PALESTINA

 TIERRA DE LOS

MENSAJES DIVINOS

 

ROGER GARAUDY

ÍNDICE

 

PRIMERA PARTE: Historia de una tierra

    III.   La Palestina cristiana

 

2)  El cristianismo palestino

Este mensaje fulgurante, menos de tres siglos después de la muerte de Jesús de Nazaret, es desnaturalizado cuando en el Concilio de Nicea (326) el emperador Constantino restaura la tradicional concepción real de Dios: el ajusticiado, cuyo recuerdo es recuperado para la organización imperial romana y la filosofía griega, aparece, sobre el fondo dorado de las cúpulas orgullosas de Bizancio, con el aspecto imperioso del «Pantocrátor», del soberano todopoderoso, y no con el del mensajero errante de Palestina, cuando no es representado, como en un mosaico de Rávena, con el uniforme de un general bizantino.

¿Qué ocurre entonces en Palestina, bajo esta dominación en la que reina el César, en la que la Iglesia edifica sus estructuras según el modelo de la jerarquía imperial, y formula sus dogmas en la lengua de la cultura griega, tan profundamente extraña al mensaje de Jesucristo, el palestino?

Las iglesias se multiplicaron: Elena, madre de Constantino, las hizo construir en Belén y en el Monte de los Olivos.
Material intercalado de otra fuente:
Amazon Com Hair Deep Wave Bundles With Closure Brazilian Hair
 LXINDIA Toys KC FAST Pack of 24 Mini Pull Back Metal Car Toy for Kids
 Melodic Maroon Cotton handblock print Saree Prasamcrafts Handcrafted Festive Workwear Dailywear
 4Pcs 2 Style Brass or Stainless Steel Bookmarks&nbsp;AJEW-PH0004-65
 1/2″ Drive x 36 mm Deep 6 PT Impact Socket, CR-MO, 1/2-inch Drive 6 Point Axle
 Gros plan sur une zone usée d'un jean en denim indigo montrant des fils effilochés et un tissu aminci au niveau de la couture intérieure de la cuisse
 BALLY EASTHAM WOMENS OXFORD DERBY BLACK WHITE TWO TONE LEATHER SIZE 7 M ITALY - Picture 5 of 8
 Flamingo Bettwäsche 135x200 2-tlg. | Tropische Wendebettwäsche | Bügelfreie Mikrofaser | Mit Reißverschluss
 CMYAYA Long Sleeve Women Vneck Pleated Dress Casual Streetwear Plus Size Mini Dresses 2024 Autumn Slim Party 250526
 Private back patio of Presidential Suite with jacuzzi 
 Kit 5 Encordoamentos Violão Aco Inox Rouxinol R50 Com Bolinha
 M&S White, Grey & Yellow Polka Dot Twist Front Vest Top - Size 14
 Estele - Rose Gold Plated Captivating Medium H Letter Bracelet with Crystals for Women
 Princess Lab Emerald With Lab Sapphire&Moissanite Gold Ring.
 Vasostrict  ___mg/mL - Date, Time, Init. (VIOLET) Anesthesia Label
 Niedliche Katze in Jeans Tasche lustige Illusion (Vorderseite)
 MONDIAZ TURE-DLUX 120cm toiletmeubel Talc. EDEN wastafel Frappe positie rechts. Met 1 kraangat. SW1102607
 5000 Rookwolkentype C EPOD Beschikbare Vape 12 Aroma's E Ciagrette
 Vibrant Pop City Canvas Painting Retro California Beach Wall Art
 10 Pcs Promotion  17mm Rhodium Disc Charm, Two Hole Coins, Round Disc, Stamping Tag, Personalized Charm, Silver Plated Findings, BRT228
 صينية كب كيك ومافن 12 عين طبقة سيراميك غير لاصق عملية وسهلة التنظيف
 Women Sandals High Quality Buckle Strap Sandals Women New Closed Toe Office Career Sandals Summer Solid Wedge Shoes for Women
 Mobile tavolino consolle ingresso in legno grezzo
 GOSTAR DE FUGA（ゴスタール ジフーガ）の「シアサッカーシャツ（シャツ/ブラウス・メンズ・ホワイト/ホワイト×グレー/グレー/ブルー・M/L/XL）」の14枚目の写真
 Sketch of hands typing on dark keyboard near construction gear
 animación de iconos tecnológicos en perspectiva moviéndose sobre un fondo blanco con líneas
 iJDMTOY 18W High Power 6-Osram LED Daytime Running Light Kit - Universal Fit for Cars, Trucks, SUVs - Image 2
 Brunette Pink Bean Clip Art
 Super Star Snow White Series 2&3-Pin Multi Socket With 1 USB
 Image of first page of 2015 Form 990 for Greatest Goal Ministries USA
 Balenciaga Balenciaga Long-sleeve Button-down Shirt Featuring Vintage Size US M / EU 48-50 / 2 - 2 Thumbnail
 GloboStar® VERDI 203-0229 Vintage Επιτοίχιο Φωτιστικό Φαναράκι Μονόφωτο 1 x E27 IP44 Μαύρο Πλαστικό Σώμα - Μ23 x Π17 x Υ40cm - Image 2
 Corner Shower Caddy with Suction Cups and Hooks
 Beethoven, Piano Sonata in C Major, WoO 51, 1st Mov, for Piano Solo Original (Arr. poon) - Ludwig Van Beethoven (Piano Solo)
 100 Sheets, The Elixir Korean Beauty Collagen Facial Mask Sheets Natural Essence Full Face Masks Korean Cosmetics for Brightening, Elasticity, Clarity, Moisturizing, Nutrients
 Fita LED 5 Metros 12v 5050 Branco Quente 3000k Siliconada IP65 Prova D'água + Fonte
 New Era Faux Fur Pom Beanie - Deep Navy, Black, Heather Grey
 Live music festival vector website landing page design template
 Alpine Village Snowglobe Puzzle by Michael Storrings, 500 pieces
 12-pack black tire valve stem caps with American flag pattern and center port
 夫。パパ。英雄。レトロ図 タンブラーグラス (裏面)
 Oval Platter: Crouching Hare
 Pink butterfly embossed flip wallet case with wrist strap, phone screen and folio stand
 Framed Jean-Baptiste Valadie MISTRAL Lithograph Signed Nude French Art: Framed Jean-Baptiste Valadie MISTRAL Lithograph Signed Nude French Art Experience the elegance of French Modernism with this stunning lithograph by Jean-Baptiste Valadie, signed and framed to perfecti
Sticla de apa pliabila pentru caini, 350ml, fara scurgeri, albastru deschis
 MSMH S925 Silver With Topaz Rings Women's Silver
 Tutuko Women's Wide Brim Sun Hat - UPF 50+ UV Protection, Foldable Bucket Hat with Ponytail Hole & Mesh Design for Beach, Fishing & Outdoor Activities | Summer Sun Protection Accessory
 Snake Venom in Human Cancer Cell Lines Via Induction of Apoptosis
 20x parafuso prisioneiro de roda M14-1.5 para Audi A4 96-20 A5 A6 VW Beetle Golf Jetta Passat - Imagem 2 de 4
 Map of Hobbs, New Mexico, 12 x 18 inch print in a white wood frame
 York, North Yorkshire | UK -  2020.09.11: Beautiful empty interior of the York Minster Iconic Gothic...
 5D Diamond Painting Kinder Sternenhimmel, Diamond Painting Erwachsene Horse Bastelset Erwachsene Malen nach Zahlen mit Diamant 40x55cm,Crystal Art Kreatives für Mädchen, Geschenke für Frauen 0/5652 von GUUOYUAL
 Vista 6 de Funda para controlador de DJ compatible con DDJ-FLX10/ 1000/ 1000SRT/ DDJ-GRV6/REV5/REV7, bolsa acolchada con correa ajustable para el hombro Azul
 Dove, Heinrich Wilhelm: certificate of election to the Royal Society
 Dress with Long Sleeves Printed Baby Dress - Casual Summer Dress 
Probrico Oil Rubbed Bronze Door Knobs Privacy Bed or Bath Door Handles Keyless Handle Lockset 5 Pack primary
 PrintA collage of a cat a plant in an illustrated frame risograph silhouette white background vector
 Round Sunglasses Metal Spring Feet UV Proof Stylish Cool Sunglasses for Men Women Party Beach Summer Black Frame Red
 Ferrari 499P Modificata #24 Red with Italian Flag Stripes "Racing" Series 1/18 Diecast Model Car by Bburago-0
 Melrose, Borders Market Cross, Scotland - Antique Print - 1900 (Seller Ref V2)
Cons­tantino levantó la del Santo Sepulcro en Jerusalén, donde había creado un obispado.

Tal era la obra de los constructores romanos de las iglesias de piedra.

Pero si bien el obispo de Jerusalén, Macario, fue felicitado en el Concilio de Nicea, por su defensa de la ortodoxia, desde el edicto de Milán, que había transformado un cristianismo perse­guido en una Iglesia perseguidora, la «herejía» se propagaba en Palestina.

Un sacerdote de Alejandría, Arrio, nacido hacia 256 y fallecido en 336, probablemente de origen libio, pero imbuido, en Alejandría (el centro más activo de la cultura helenística, judía y cristiana) por el pensamiento de Filón el judío y de Plotino, fue condenado, en el Concilio de Nicea, por no haber aceptado el dogma a la sazón proclamado de que Jesucristo era «con­substancial» (omoousios, en griego) al Padre. Esta expresión no existe en ningún pasaje del Evangelio, y sólo tenía sentido en razón de la filosofía griega (ajena a la concepción semítica, y al Evangelio de la esencia, de la substancia y de las «hipóstasis»).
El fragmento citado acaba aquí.